* [Work item]: From the listing that follows, output everything exactly except the pictures.

* [Material provided]:
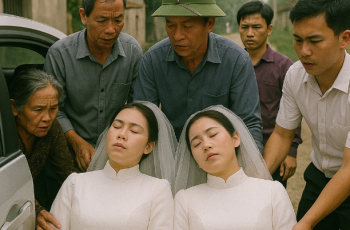 Xe đưa dâu đến cổng nhà trai, cô dâu bỗng ngất xỉu, cả nhà trai ra xe xúm vào đỡ
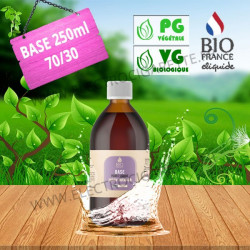Base e-liquide - Bio France - 250 ml - 70/30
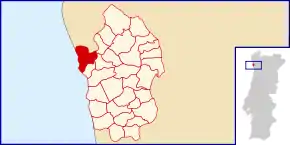 Localização no município de Vila do Conde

* [Written solution]:
 Xe đưa dâu đến cổng nhà trai, cô dâu bỗng ngất xỉu, cả nhà trai ra xe xúm vào đỡ
Base e-liquide - Bio France - 250 ml - 70/30
 Localização no município de Vila do Conde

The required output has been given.